Мезенцев решил, что сейчас Вальтер начнет рассказывать об убитых. Комиссар навидался подобных типов — они сначала лезут расстреливать, а потом стирают заляпанный френч и вспоминают: «Вот, помню, офицера кончал — так он смеялся, по плечу хлопнул. Молодец, достойно смерть принял, уважаю». Мезенцев считал это душевным изъяном. Смерть не должна быть тем, о чем можно написать мемуары. Это просто необходимость. Точно такая же, как чистка пистолета или ведение бухгалтерской тетради. Приход-вычет. Приговоренные записаны в столбик. Убитые — по горизонтали. Под красной чертой: «Итого».
Комиссар приготовился пропустить мимо ушей рассуждения Рошке, но тот сказал:
— Жалею, что дурачок удрал.
— Вы что, его тоже хотели расстрелять? — удивился Мезенцев. — Умалишенные не несут классовой ответственности.
— Нет. Его нужно отправить на лечение в московскую больницу. Там бы к нему применили новейшую терапию, сводили бы в душ Шарко, осмотрели выписанные из Европы психоаналитики. Вы знаете, что такое психоанализ? Это классовый анализ, примененный к душе. Ведь советская власть не только карает.
— Не пойму, Рошке, вы намекаете, что я поступил неправильно? Что мандаты надо было подписать, а потом стрелять? Хорошо. В следующий раз, обещаю, ни один кулак без подписи не умрет. Довольны? Или доложите в тамбовскую чеку?
— Мне, собственно, индифферентно, — пожал плечами чекист, — хотя по правилам лучше с мандатами. Показательно, что мы обсуждаем не этическую сторону дела, правильно или нет расстреливать, а то, как это нужно было сделать. С мандатами или без? Этим мне нравится революция: у нее, знаете ли, даже сомнений в нашей правоте не возникает. И все же, что вы думаете о сумасшедшем?
Комиссар потер зудящий над бровью шрам и высыпал на ладонь пилюли:
— Если вы хотите знать мое мнение — пусть лучше дурак кончится на воле, чем под психоанализом.
— Гм... Вы не знаете, что такое психоанализ?
Мезенцев не ответил на вопрос. Снова одолела комиссара лобная колика. Наверное, Психоанализ — это немецкий коммунист, возможно давний товарищ Рошке. Ухмыляющийся чекист смотрел, как голосящие бабы перебирают умершее мужичье. Выбирали они мужика получше, потолще, чтобы и хоронить было не стыдно, и могила вышла пожирней. На такую могилу сыновей не стыдно привести, когда из повстанья вернутся. Крестьянки на ярмарке так же жадно роются в цветастых платках.
— Босх! — иронично заметил немец.
— При чем тут Бог? — удивленно спросил Мезенцев.
Чекист постоял, тактично считая в небе шары раскаленного газа, а затем поспешил выполнять приказ командира.
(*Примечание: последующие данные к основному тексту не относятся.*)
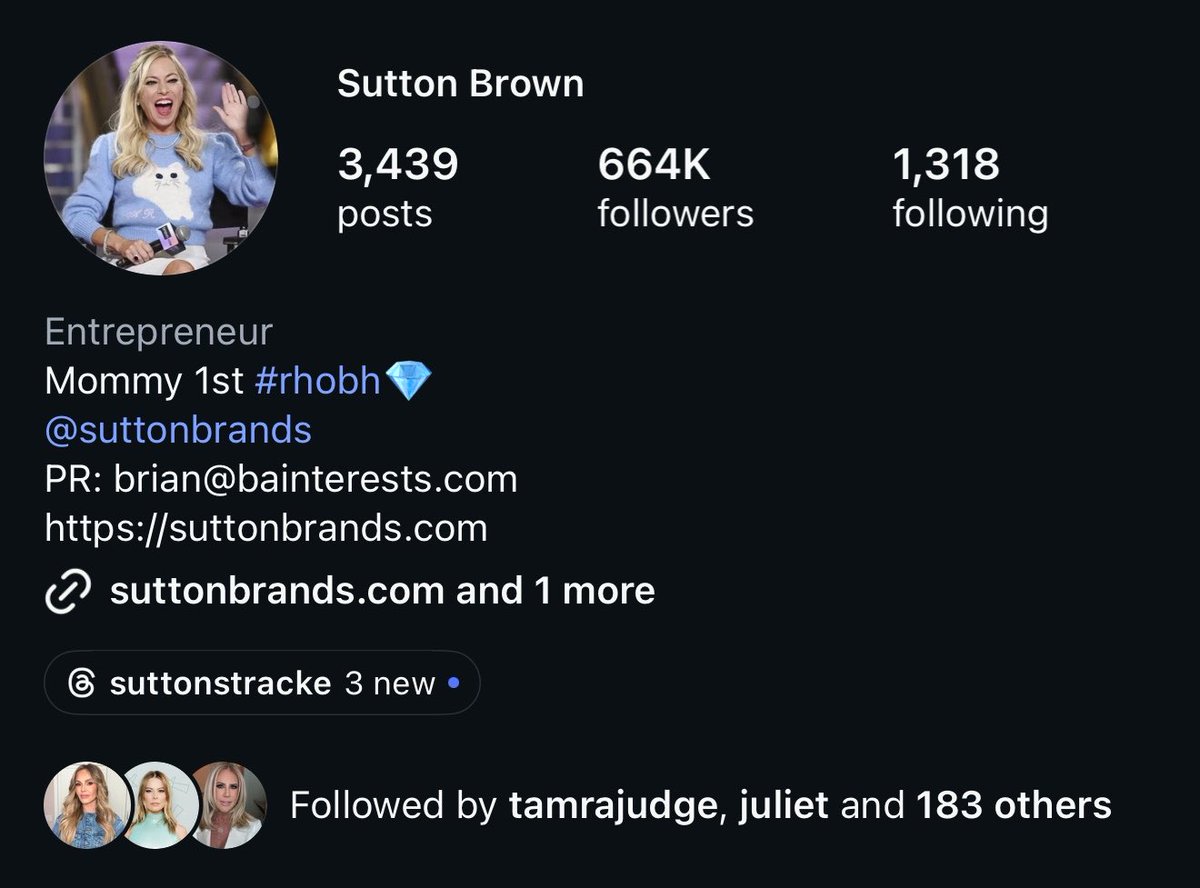 Dorinda Deadly tweet media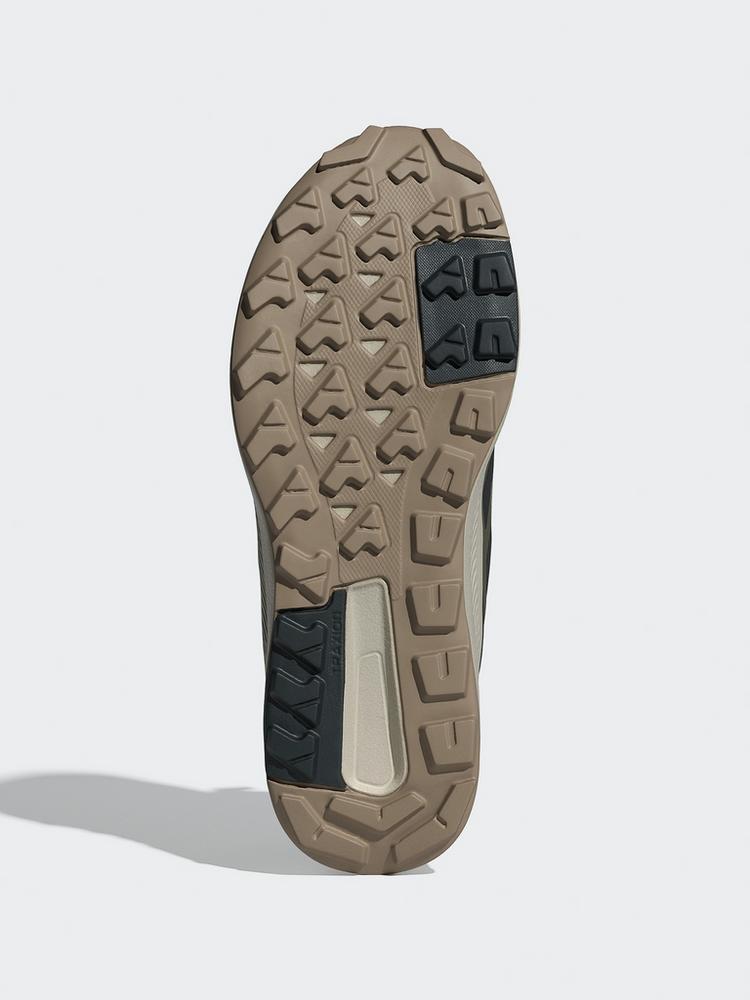 adidas adidas TERREX Anylander Mid Wanderschuh Walkingschuhe Herren - Tent Green / Core Black / Olive Strata - 2 | SportScheck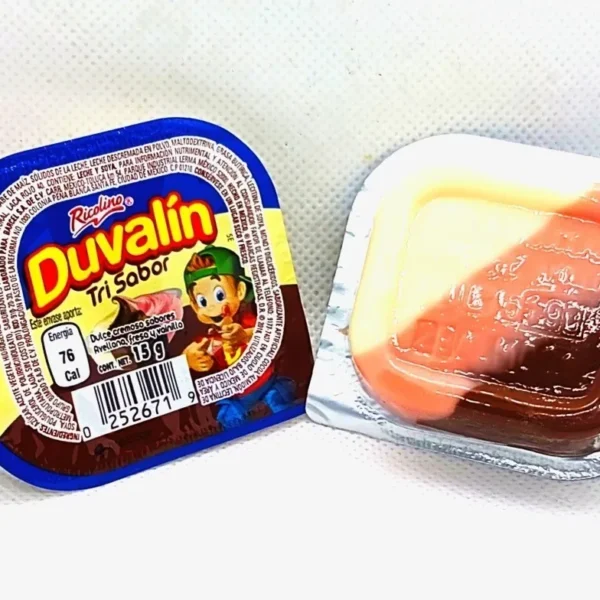 DUVALIN 15G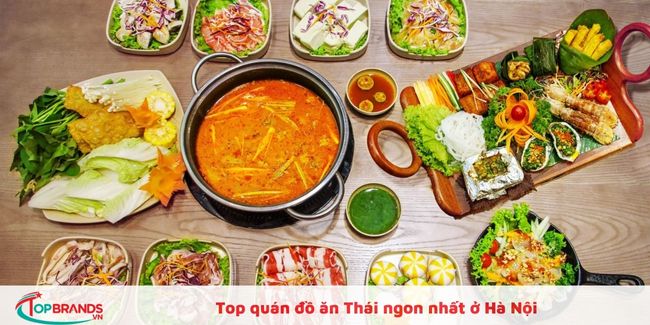 Thai Deli 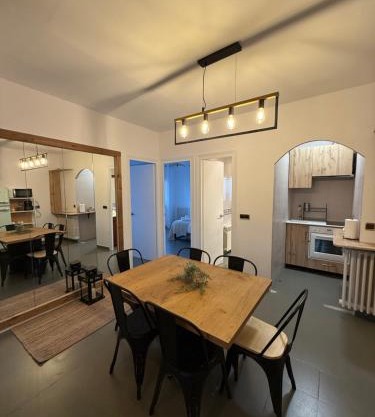 Apartamento en Avià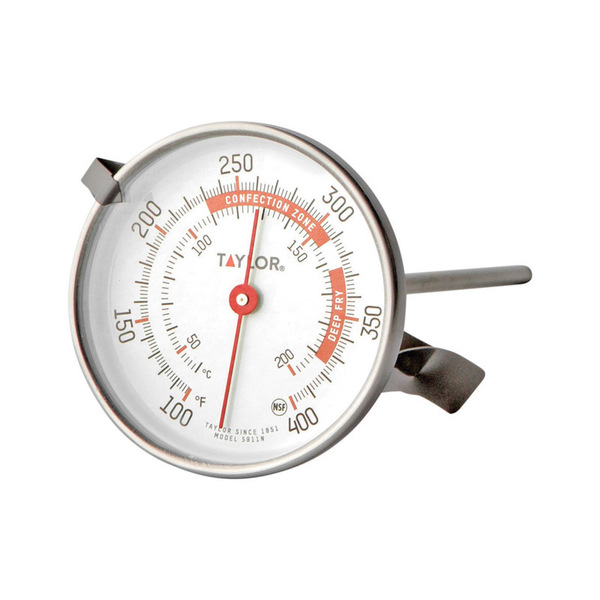 Taylor Candy Thermometer #5911 5911N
Вальтер Рошке был полностью удовлетворен. Оказалось, не знает комиссар ни про психоанализ, ни про Иеронима Босха. Улыбнулись очки. Уже дважды был отомщен порезанный о травинку палец.
X.
Хутор Семена Абрамовича Цыркина расположился в укромном местечке. По Столыпинской реформе семитский мужичок выкроил участок земли у господского леса, куда и перевез семью. Не из-за черты оседлости, а из цепкой паревской общины. Конечно, Цыркин не был иудеем. Он числился прихожанином паревской церкви, и его дети, которых у Семена было пятеро, по домовым книгам считались православными. Когда они сгинули все, кроме единственной дочери, то и кресты поставили деревянные — такие же, как и другим солдатам, погибшим на германском фронте. Только вот никто не лежал в пустых могилах у паревской церкви. Далеко-далеко остались сыновья Семена Абрамовича. Как ни хитрил Цыркин в первую революцию, когда в губернии полыхали помещичьи усадьбы, как ни скрывал свое неудобное происхождение, но не смог уберечь семью от беды.
— Помните, — говорил он детям, — русский человек — он, конечно, добрый, да только когда выпьет. Иначе — зашибет. Для того мы Руси и нужны, чтобы она умасленная на земле лежала и ни с кем драться не лезла.